On Wed, Nov 18, 2020 at 6:24 PM Bill Gunshannon via cctalk <
cctalk at classiccmp.org> wrote:
On 11/18/20 8:16 PM, Warner Losh via cctalk wrote:
On Wed, Nov 18, 2020 at 6:00 PM Paul Koning via
cctalk <
cctalk at classiccmp.org> wrote:
>
>
>> On Nov 18, 2020, at 5:56 PM, Chuck Guzis via cctalk <
> cctalk at classiccmp.org> wrote:
>>
>> Tangential to this, I've long wondered about some things relating to
>> SSDs. Are there any solid figures on their retention period after
years
>> of being unpowered?
>>
>> The reason I ask is that I've long been in the habit of simply shelving
>> an old hard drive when I upgrade or replace a system. I've got hard
>> drives that still work that hail back to the days of OS/2 1.1; some
>> larger ones go back to the 1970s.
>
> You should be able to find the answer in the drive specs.
>
> As I understand it, there are two rather different ranges of answer
> depending on whether you're looking at an enterprise class drive, which
is
> optimized for high speed and large total
amount of data written, vs. a
> consumer drive. The power-off retention spec is much shorter for the
> enterprise drives. I forgot the numbers; I vaguely remember it being
less
than a
year.
For SSD devices, based on NAND Flash, the specs for retention are 90 days
for enterprise drives and 1 year for consumer drives, both at 20C. The
difference allows enterprise drives to trade retention for increased
write
rate.
> If the drive has power it will do something analogous to DRAM refresh to
> keep the bits in good shape. But it seems that the HDD rule that you
can
just set
a drive on the shelf for a decade (ditto with other magnetic
media) does not necessarily carry over to SSD.

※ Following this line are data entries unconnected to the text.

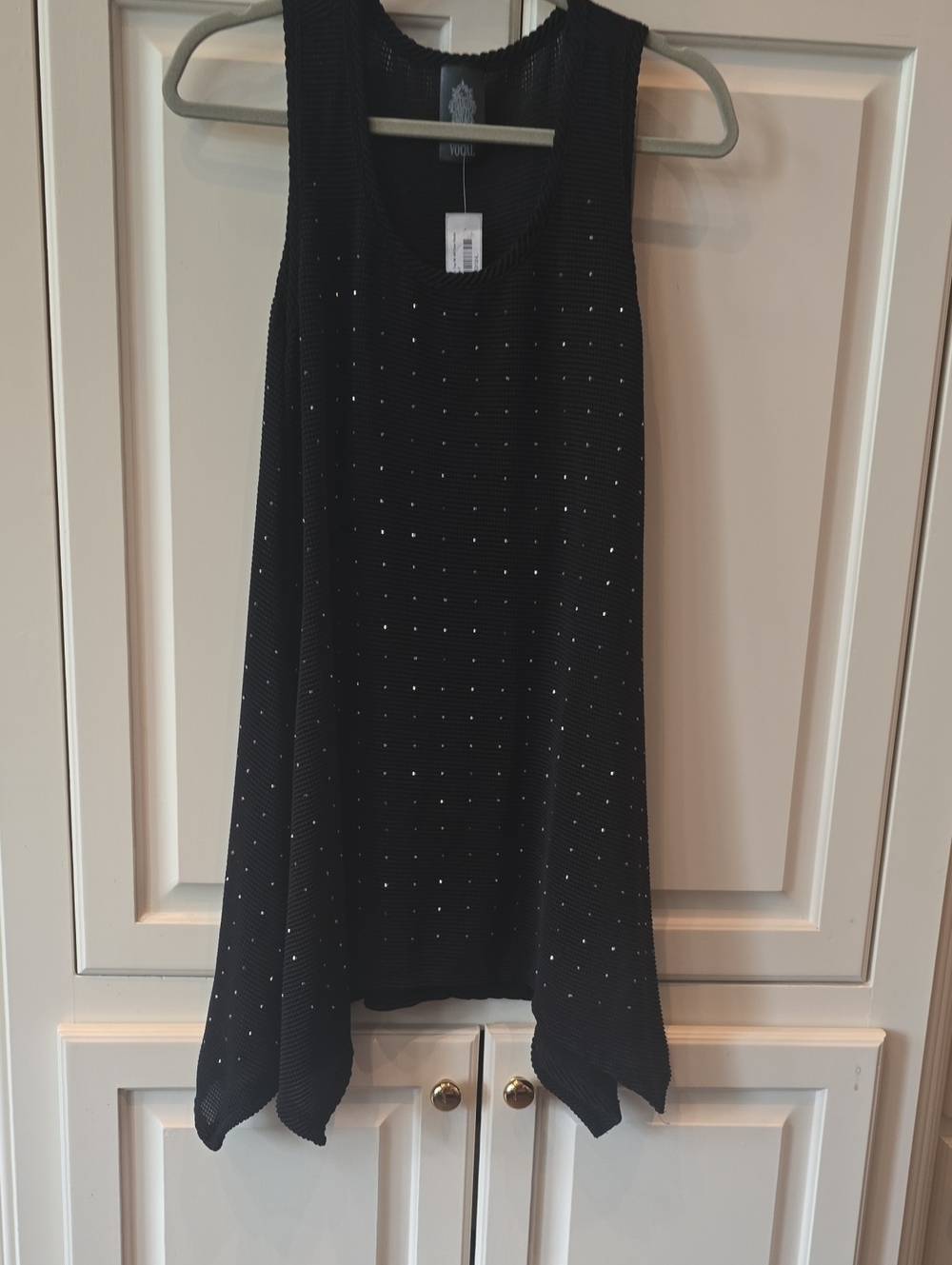 Vocal Black Sleeveless Studded Knit Tunic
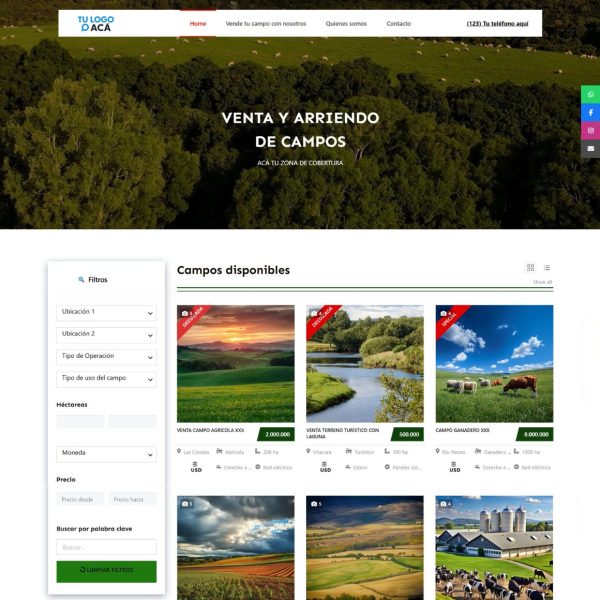VENTA DE CAMPOS<br>Página web profesional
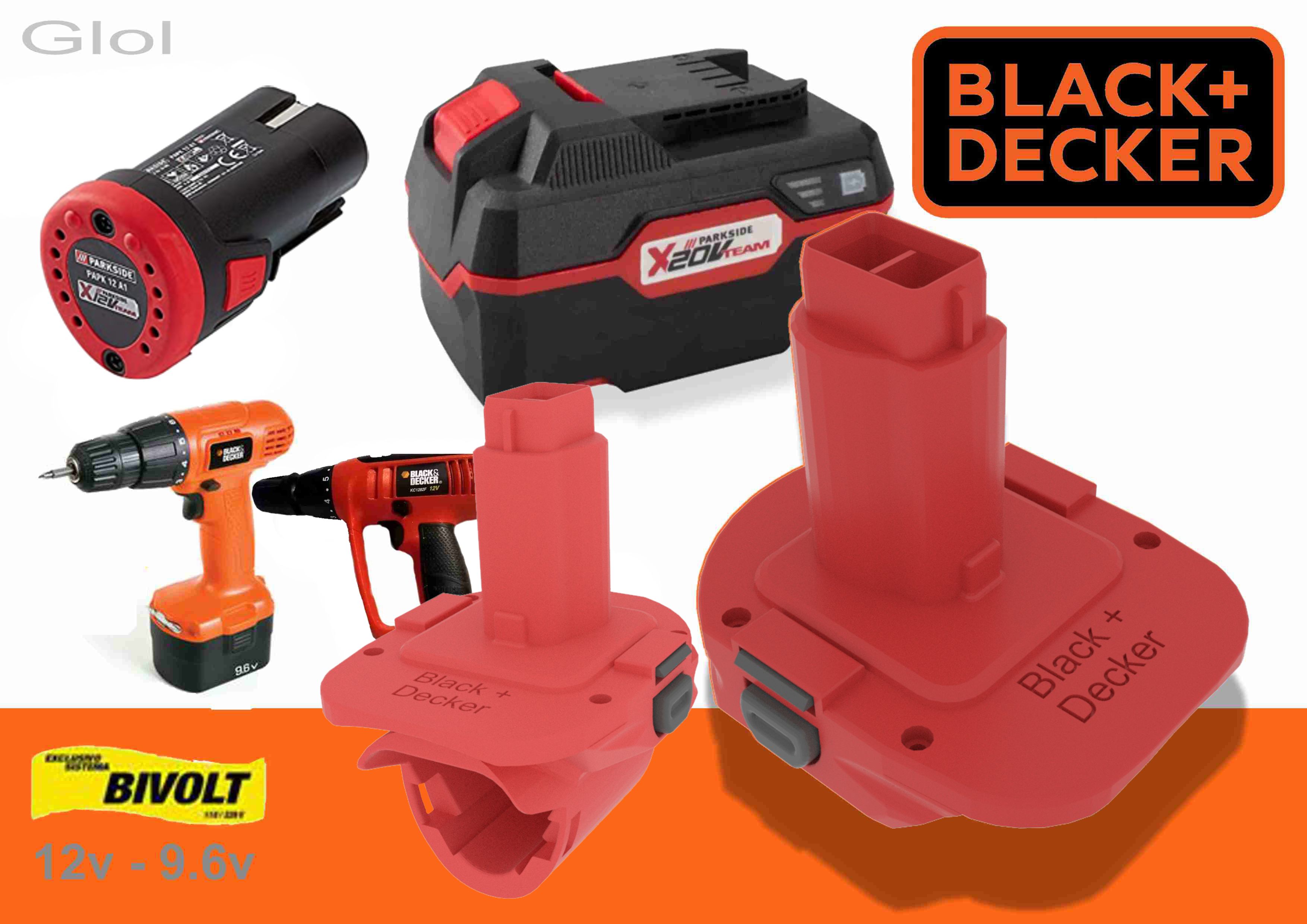 Parkside x20 X12 to Black Decker 12v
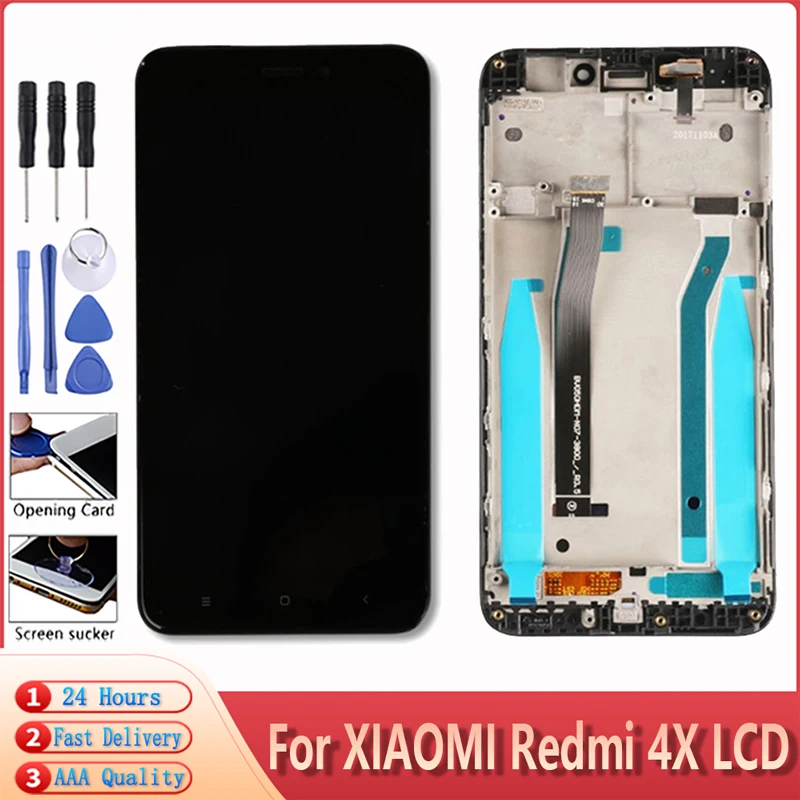 100% абсолютно новый для Xiaomi Redmi 4X ЖК дисплей сенсорный экран дигитайзер сборка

Yes. NAND is just a bunch of small capacitors that decay over time. The
bit
error rate increases following the arrhenius law.
The ECC that goes along
with NAND is paired to allow NAND that's almost worn out to still retain
data for {3 months/1 year} given its expected bit error rate when it's
almost worn out when programmed, coupled with the expected decay during
the
specified retention time.
Also note I said "at 20C." The acceleration effect can be quite
pronounced
should the data center suffer some catastrophic
event that leaves it
without power in a super hot environment for weeks or months. At ~70C the
acceleration factor can be as high as 30-90x, which can render enterprise
drives not reliable after a few days baking at high temperatures.
Brand new NAND, on the other hand, typically has retention capabilities
measured in years or tens of years. It's the wear and tear of use that
makes it less reliable, often much less reliable. And the multi level per
cell technologies are much worse than the single level per cell. It's one
reason that the smaller number of bits per cell NAND tends to last longer
than larger bits per cell, all other things being equal. The smaller
process sizes also were less reliable since they could store fewer
electrons (sometimes as few as a dozen or two per state). 3D NAND was so
much better because it could grow vertically, allowing NAND manufacturers
to return to larger process sizes and still increase density, also giving
better endurance for a time...
An interesting write-up. Brings up a question on a slightly related
item. Do Compact Flash and SD have the same short life when not
powered? What things like Flash Memory used to hold firmware on
other kinds of chips.
Yes. They do. It's all the same NAND. However, as I said, freshly made NAND
tends to have very long retention times, so for those use cases, the
application is fine. Unless you are doing a lot of writing to the drive
where the firmware is on, you'll see good results. And a lot usually means
on the order or rewriting the drive every day. Almost all CF (larger than
around 16MB) and SD cards (larger than about 32MB) have wear leveling as
well, which periodically moves the cold OS data around to even out the P/E
cycles the erase blocks across the device. Also, most of the time, the
firmware is in devices that's powered on, so it will move the data should
it decay too much, even when there's not a lot of traffic to the drive
(especially, that's when the FTL loves to do its housekeeping).
'writing often' for NAND in this context is usually measured in 'several
times per day', though with QLC drives, this can be as little as 0.3 or
0.1. The drive writes per day (DWPD) is a spec sheet item these days, and
different levels of drive have differing values clustering around 0.3, 1, 3
and higher...
Warner